## [WORK ITEM]
Although the records contain pictures, the copy should leave them out and match everything else exactly.

## [DATA PROVIDED]
=====
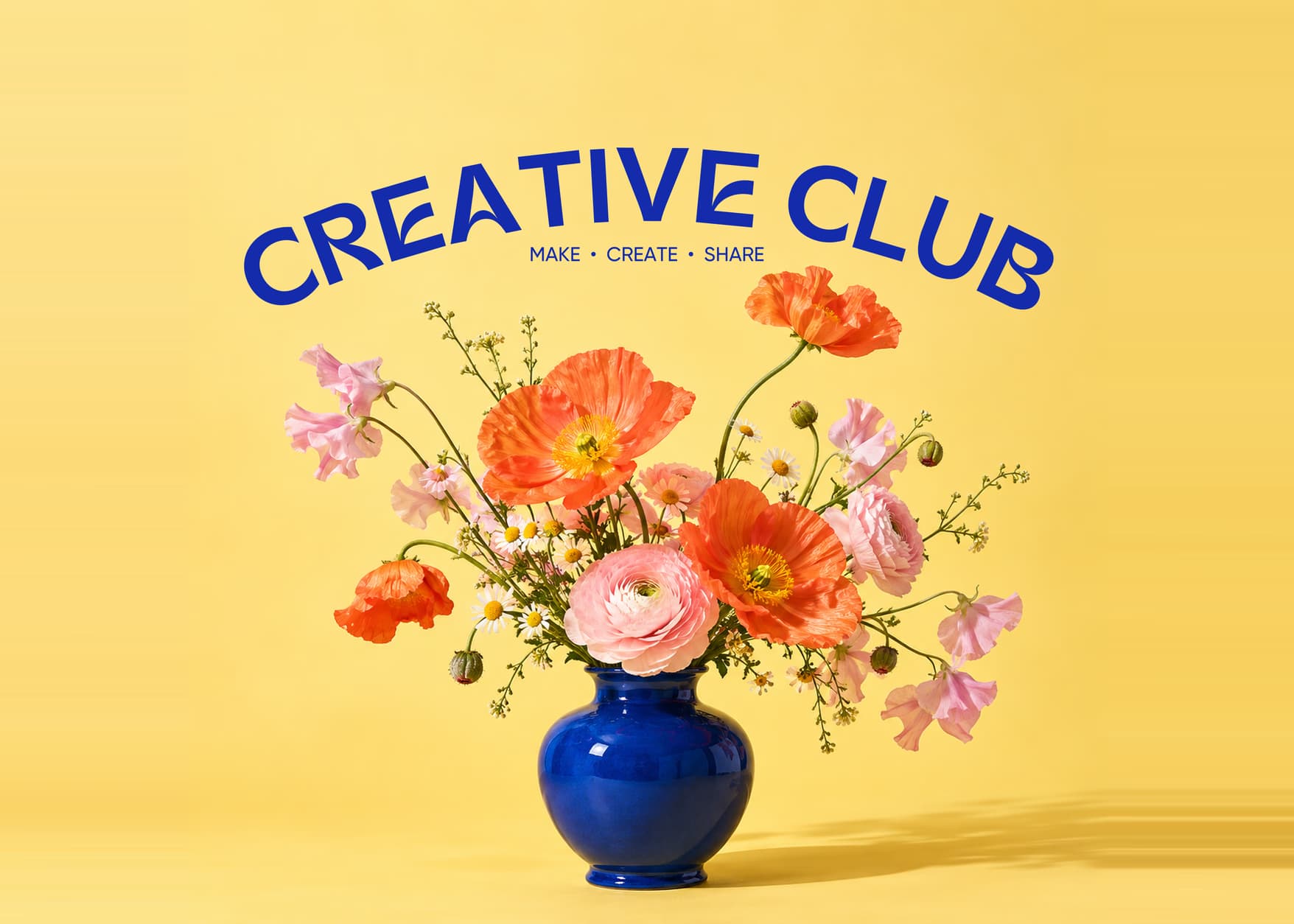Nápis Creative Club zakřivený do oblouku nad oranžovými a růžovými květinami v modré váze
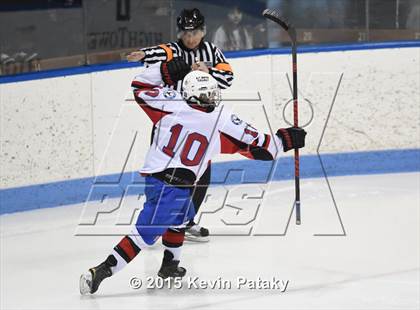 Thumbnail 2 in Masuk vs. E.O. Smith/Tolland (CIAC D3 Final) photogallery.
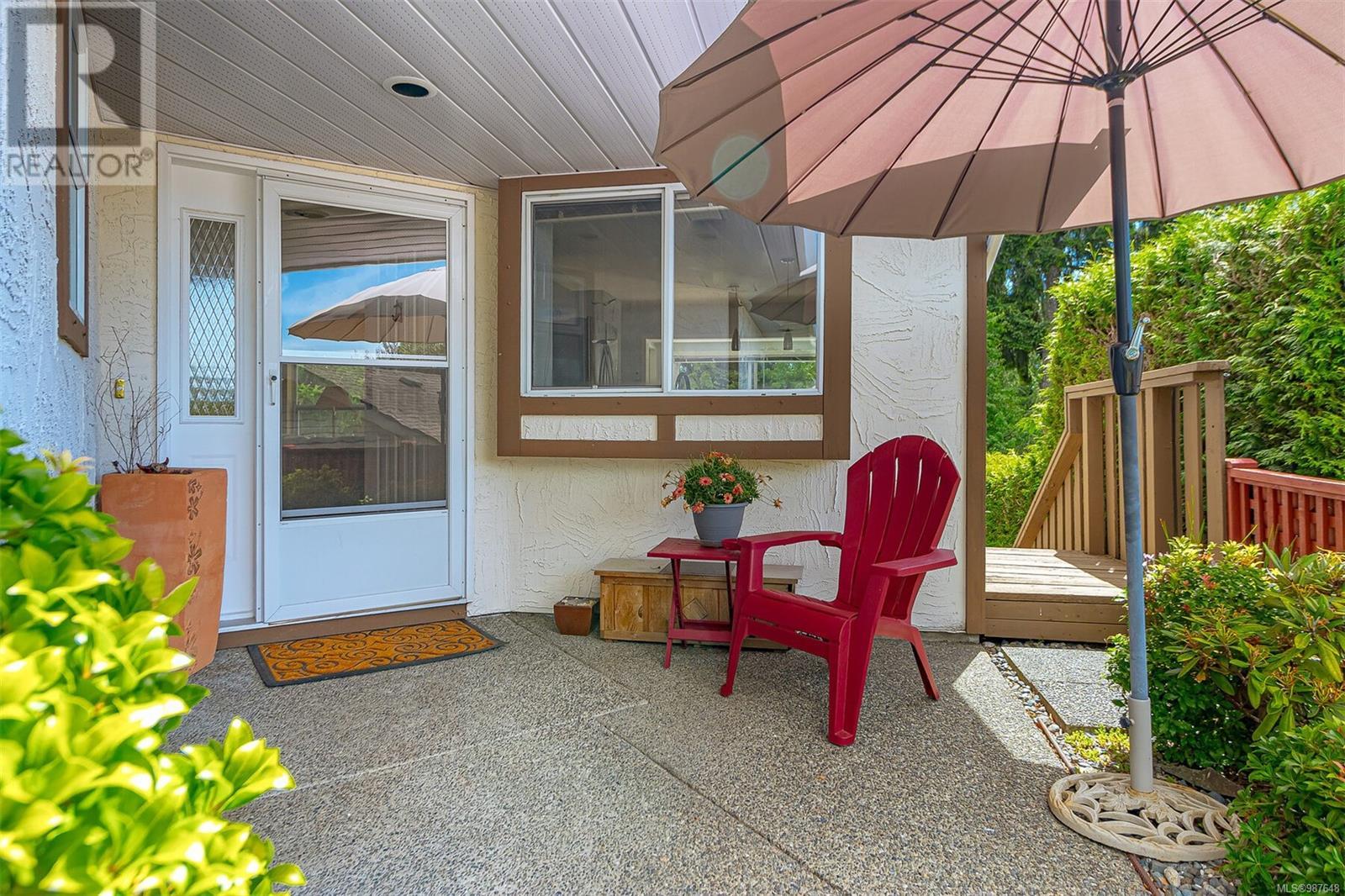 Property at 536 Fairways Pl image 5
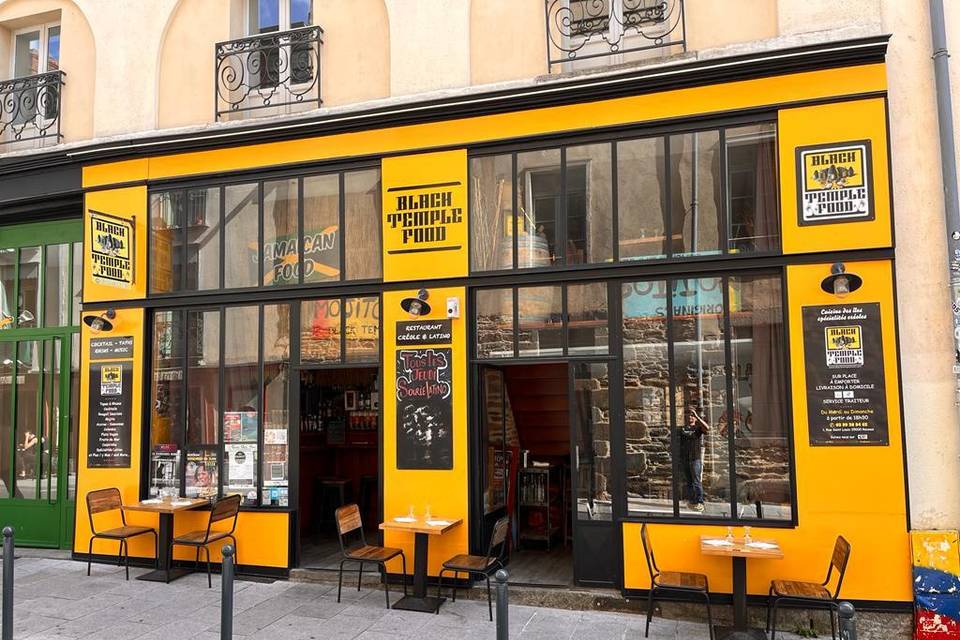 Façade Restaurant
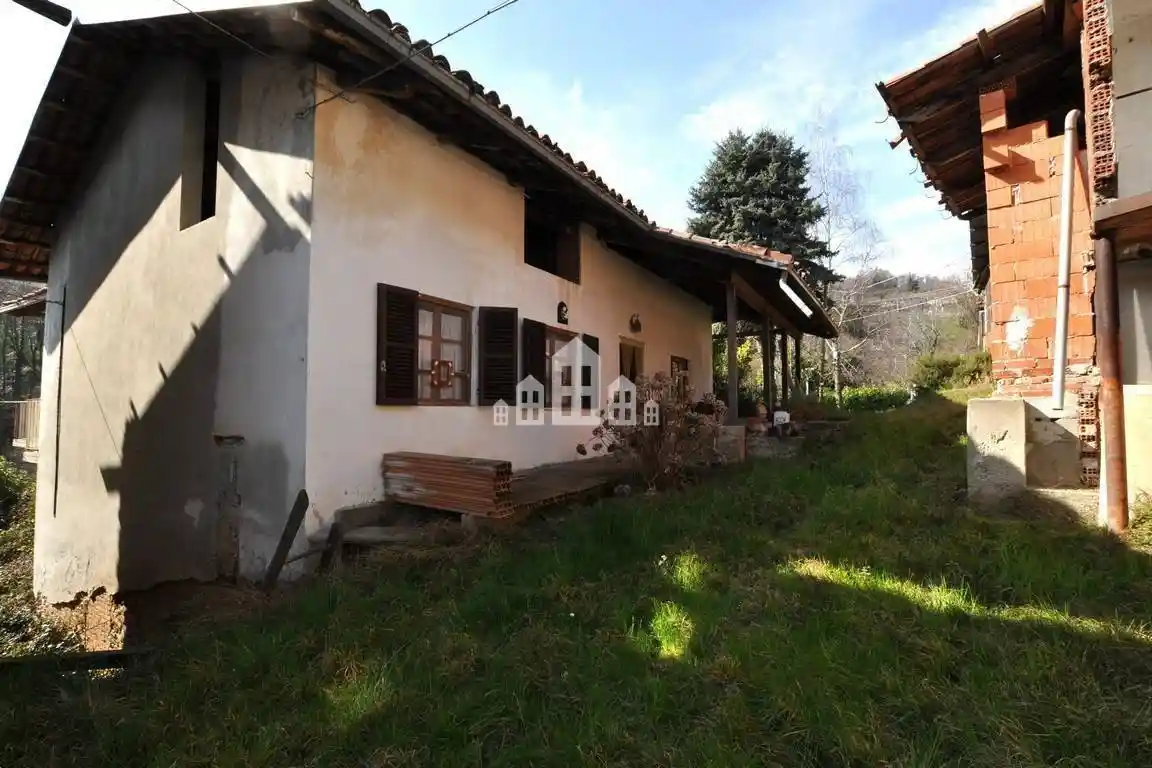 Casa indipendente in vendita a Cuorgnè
=====
## [RESULT]
Nápis Creative Club zakřivený do oblouku nad oranžovými a růžovými květinami v modré váze
 Thumbnail 2 in Masuk vs. E.O. Smith/Tolland (CIAC D3 Final) photogallery.
 Property at 536 Fairways Pl image 5
 Façade Restaurant
 Casa indipendente in vendita a Cuorgnè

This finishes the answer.